Thích Pháp Hòa, monk and abbot (Photo: Courtesy Crosstown Concourse)

Vietnam’s Mid-Autumn Festival, or Tết Trung Thu, brings together families to celebrate the harvest. Children eat sweet mooncakes and light lanterns as beacons for prosperity and good fortune. “Vietnam being a lot more rural with a lot of agriculture, it’s like, ‘All right, the parents have done their bountiful harvest; now we can kind of give the kids a little bit of time back,’” says Diana Pham-Crain, co-owner of Bao Toan Kitchen & Bar with her mother and sisters.

Pham-Crain speaks of fond memories of celebrating the festival as a child with her family at the Buddhist temple, Chùa Chánh Tâm, which her grandparents founded in Memphis, one of the first in the city. Now, thanks to Pham-Crain’s mother Karina Pham’s efforts, the festival is much bigger, hosting an annual Mid-Autumn Festival at Crosstown Concourse since 2017. This year’s honors 50 years of the Vietnamese community in the Crosstown neighborhood. “It was really her goal to be able to provide a little bit of insight into the Vietnamese culture [to the Memphis community],” Pham-Crain says. “[The Mid-Autumn Festival] is particularly special; of all the Vietnamese holidays, it’s most about celebrating family and your kids.”

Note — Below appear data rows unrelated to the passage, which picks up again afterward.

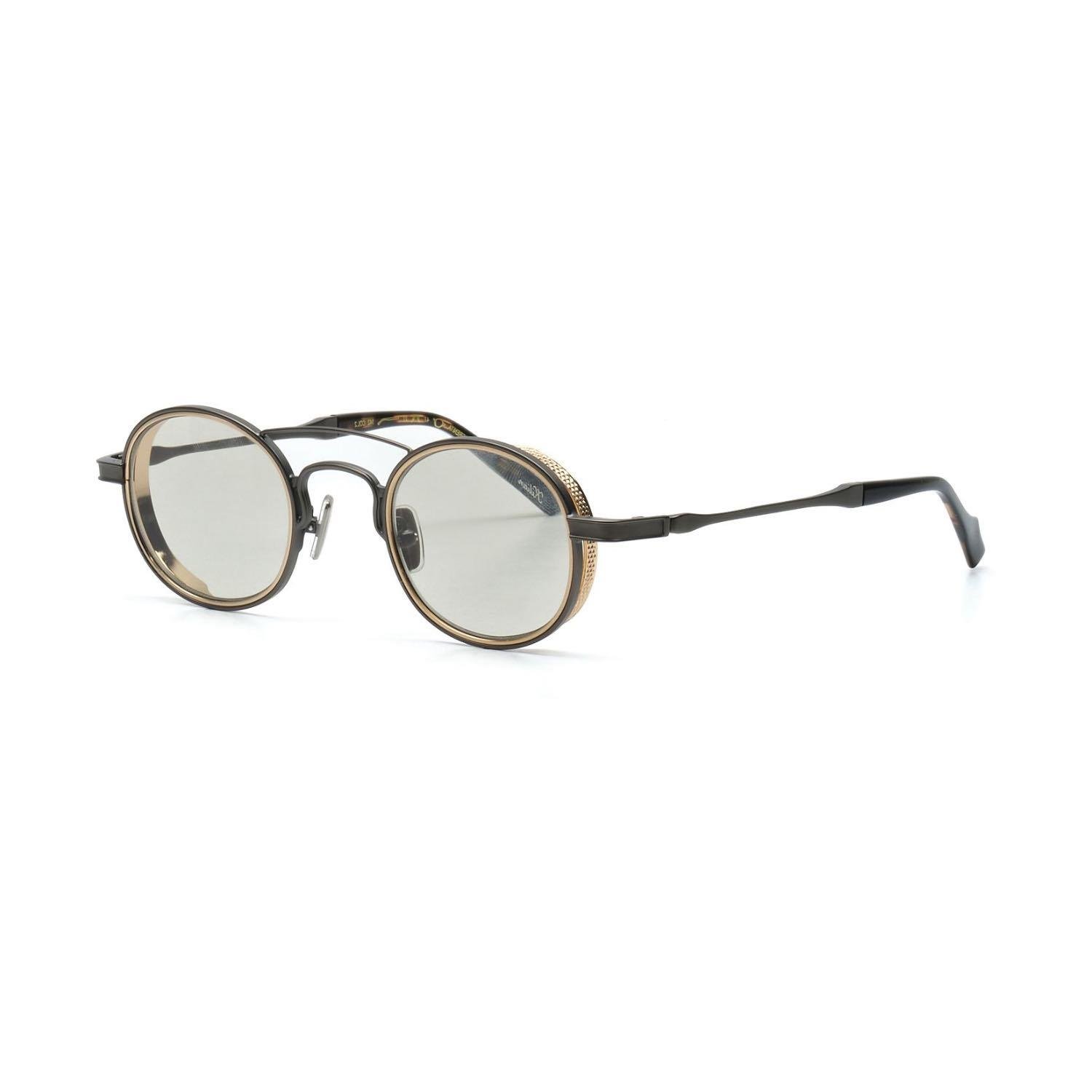 Kilian Serenita C2 47 Unisex Yuvarlak Gun Metal Güneş Gözlüğü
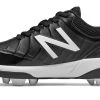Hit After Hit New Balance 4040v5 Youth Molded Cleats – Black/White (J4040BK5)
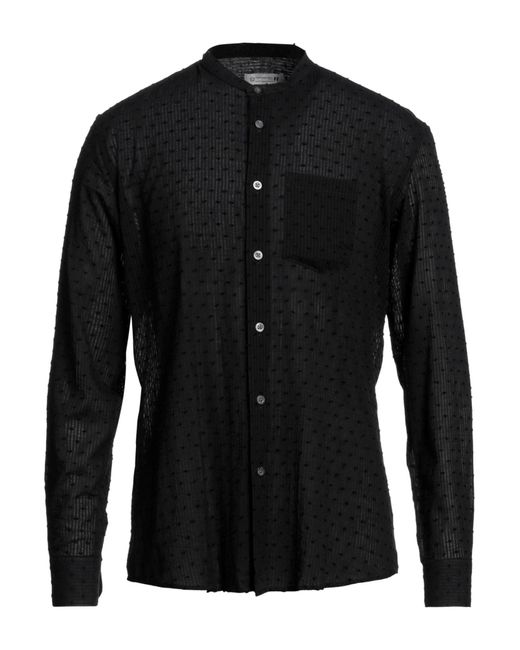 Daniele Alessandrini Black Shirt for men
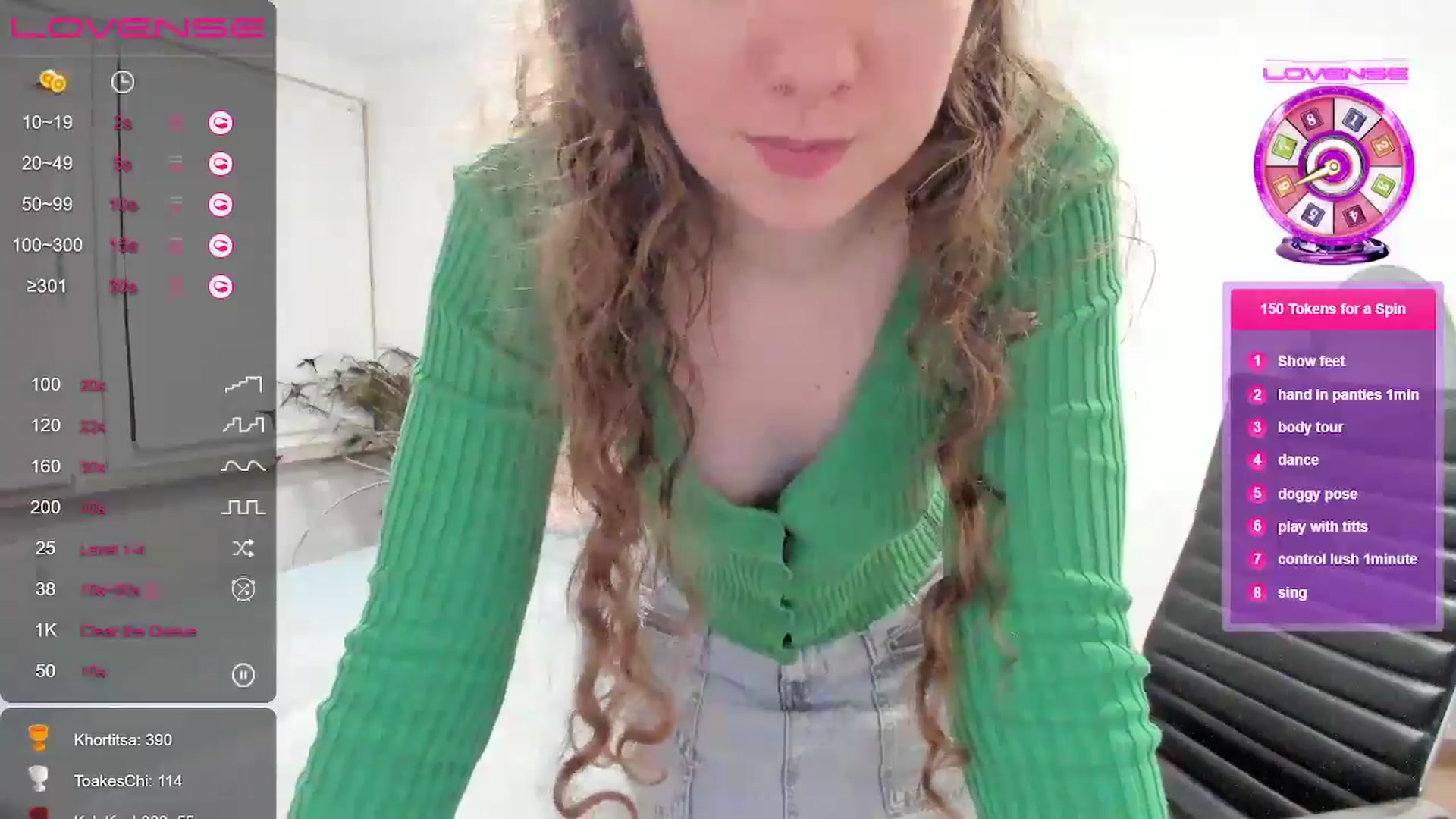 Gallery image thumbnail from LanaBelll's myfreecams stream on, 11/02/2024, 21:11 image 6 of 20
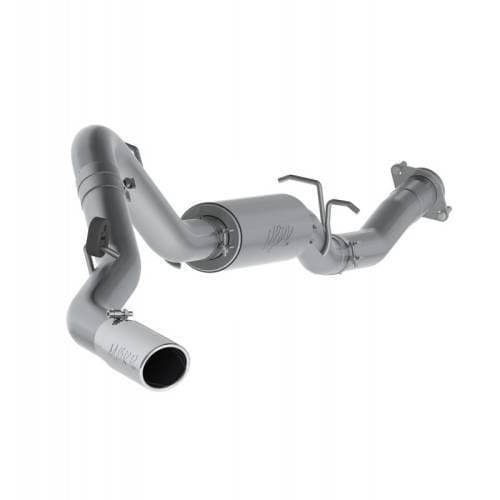 MBRP Cat Back Exhaust, Chevy/GMC (2007-10) 2500HD 6.0L 3 1/2" Cat Back, Single Side, T409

And for Pham and her daughters, these Mid-Autumn Festivals at Crosstown have also been in homage to Pham’s parents, whose first date was on Mid-Autumn Festival. “It’s why this festival particularly is special and important to us,” Pham-Crain says.

This upcoming Mid-Autumn Festival, a partnership between Crosstown Concourse, Crosstown Arts, and Pham, will extend beyond the typical one-day event — that’ll take place on Saturday, October 4th, with lion dances, folk dances face paintings, a community fashion show, and complimentary mooncakes. This year has a full lineup of events this month, showing off various aspects of Vietnamese culture, from religion to cuisine to film. 

One such event will take Memphians on a tour of Chùa Chánh Tâm, before continuing on to Viet Hoa Market, where guests will learn of the market’s history and ingredients essential to Vietnamese cuisine. The tour concludes with a cooking demonstration and a shared meal in the Church Health Teaching Kitchen at Crosstown Concourse. 

Later in the month, the festival closes with a Dharma Talk with Thích Pháp Hòa, a world-renowned Buddhist monk and abbot, joined by Reverend Jason Turner, senior pastor of Mississippi Boulevard Christian Church, and Tom Shadyac, filmmaker and Memphis Rox founder. Find a full schedule of events and purchase tickets here.  

Crosstown Arts Film Series presents Ink & Linda, Crosstown Arts Theater, Thursday, October 2, 7-9 p.m., $5.

Mid-Autumn Festival, Central Atrium, Crosstown Concourse, Saturday, October 4, 6-9 p.m., free.

Frightober Film Series: The Ancestral, Crosstown Arts Theater, Tuesday, October 14, 7-9 p.m., free. 

An Afternoon of Meditation and Vietnamese Culinary Culture, Chùa Chánh Tâm, Saturday, October 18, 3-7 p.m., $60.

Dharma Talk with Thích Pháp Hòa, Crosstown Arts Theater, Thursday, October 23, 6 p.m., Free.